A large number of plant species-including those that supply healthy fruits and vegetables for human consumption-depend on bees and other pollinators such as flies, ants, beetles, slugs, butterflies, moths, birds, and bats for pollination and production. Native bees are by far our most important pollinators! Additionally, many plants depend on only one pollinator. Without those specific pollinators, those plants cannot reproduce and ecological diversity continues to decline.

The situation may seem bleak, but we must approach it with hope and determination while being good stewards of our land. Adopting even one suggestion to create a more pollinator and wildlife friendly yard or space can and will have an impact. Small changes add up and if enough of us start making changes we can collectively make a huge difference for Oklahoma wildlife!
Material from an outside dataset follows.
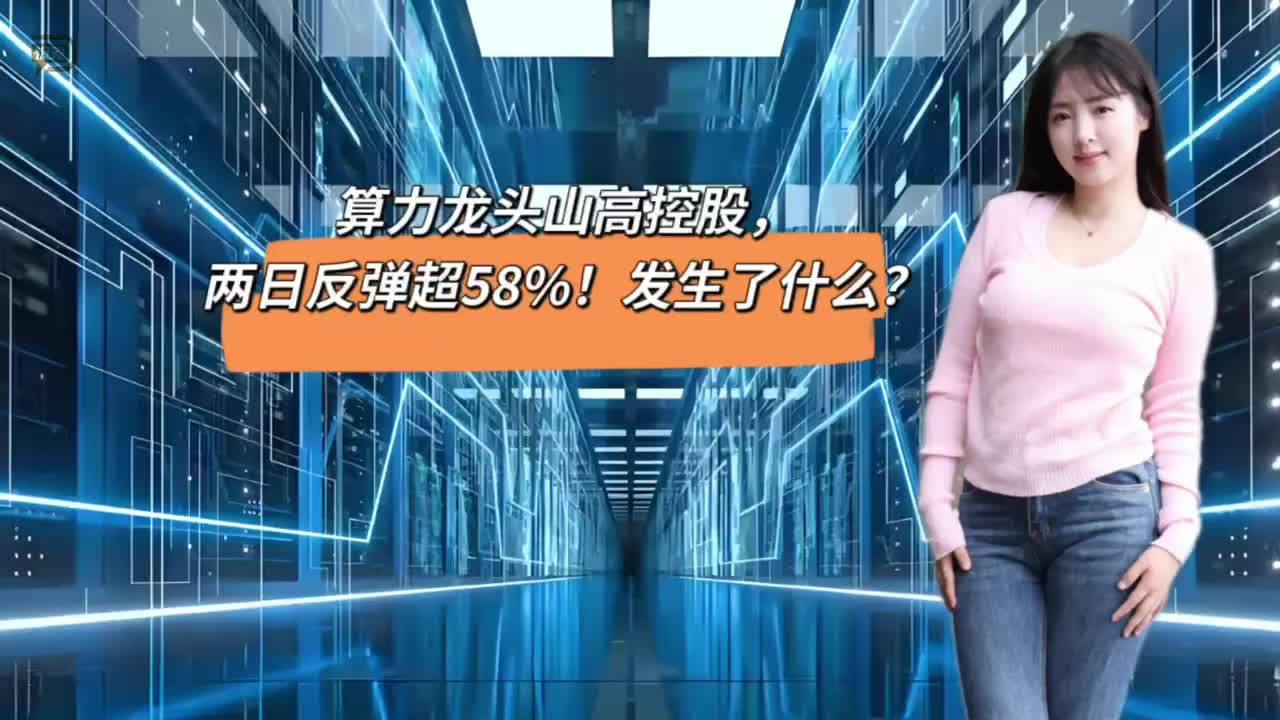 算力龍頭山高控股，兩日反彈超58%！發(fā)生了什么？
Creating Backyard Pollinator Habitat

Choose Native Plants and Wildflowers

Tips for Choosing Native Plants & Wildflowers

Choosing NATIVE plants and wildflowers is important. Exotic ornamentals and cultivars-even nativars- do not supply what our native pollinators need. Additionally, almost all of those plants and flowers have been treated with chemicals that will harm the pollinators you’re trying to help. Look for small local nurseries and growers that supply organic/untreated native plants and wildflowers. Avoid big box nurseries. Always ask if the nursery treats their plants and if they have suppliers whether or not those suppliers do. Perfect looking plants that haven’t been nibbled on are a good clue!

Tips:

  • Seek a variety of flower shapes and colors from different plant families in order to provide for as many different pollinators as possible. Fun fact: red appears black to bees therefore red flowers do not attract bees.

  • Provide flowering plants that bloom during different seasons to ensure a continuous food source. Fall tends to be the most neglected season for pollinator plant consideration. Asters and Goldenrods are wonderful additions for much needed Fall nectar and pollen.

  • Extend bloom time by deadheading spent blooms.

  • Include bulbs, shrubs, and trees as well. Oak trees in particular have a major ecological benefit. A single Oak provides shelter for birds and squirrels, food for over 500 different caterpillars, plus over 100 animals eat the Oaks’s acorns!

Provide Shallow Watering Stations for bees & Butterflies

Pollinators get thirsty too!

Providing simple dishes with pebbles or stones for bees and butterflies to land on works amazingly well for this purpose. Pebbles and stones allow pollinators to safely drink without getting wet or drowning. Shallow water works best. Place in a protected area near shelter and nectar/pollen sources.

Eliminate Pesticide Use

Are there any good pesticides? No.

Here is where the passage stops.